# EXERCISE AIM
Transcribe the records that follow, preserving every word.

Records from a data collection
* * * * *
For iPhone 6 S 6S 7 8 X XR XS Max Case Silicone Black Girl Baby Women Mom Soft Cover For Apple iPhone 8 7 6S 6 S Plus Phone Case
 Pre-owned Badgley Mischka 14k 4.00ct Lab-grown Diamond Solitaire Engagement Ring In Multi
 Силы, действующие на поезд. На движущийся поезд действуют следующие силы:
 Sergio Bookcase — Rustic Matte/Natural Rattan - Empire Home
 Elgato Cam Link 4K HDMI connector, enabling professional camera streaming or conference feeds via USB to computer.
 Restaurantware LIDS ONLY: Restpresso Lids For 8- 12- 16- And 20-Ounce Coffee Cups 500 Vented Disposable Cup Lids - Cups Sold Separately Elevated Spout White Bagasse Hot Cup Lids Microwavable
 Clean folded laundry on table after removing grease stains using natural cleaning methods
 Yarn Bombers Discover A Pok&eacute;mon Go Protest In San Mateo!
* * * * *
# EXERCISE RESULT
For iPhone 6 S 6S 7 8 X XR XS Max Case Silicone Black Girl Baby Women Mom Soft Cover For Apple iPhone 8 7 6S 6 S Plus Phone Case
 Pre-owned Badgley Mischka 14k 4.00ct Lab-grown Diamond Solitaire Engagement Ring In Multi
 Силы, действующие на поезд. На движущийся поезд действуют следующие силы:
 Sergio Bookcase — Rustic Matte/Natural Rattan - Empire Home
 Elgato Cam Link 4K HDMI connector, enabling professional camera streaming or conference feeds via USB to computer.
 Restaurantware LIDS ONLY: Restpresso Lids For 8- 12- 16- And 20-Ounce Coffee Cups 500 Vented Disposable Cup Lids - Cups Sold Separately Elevated Spout White Bagasse Hot Cup Lids Microwavable
 Clean folded laundry on table after removing grease stains using natural cleaning methods
 Yarn Bombers Discover A Pok&eacute;mon Go Protest In San Mateo!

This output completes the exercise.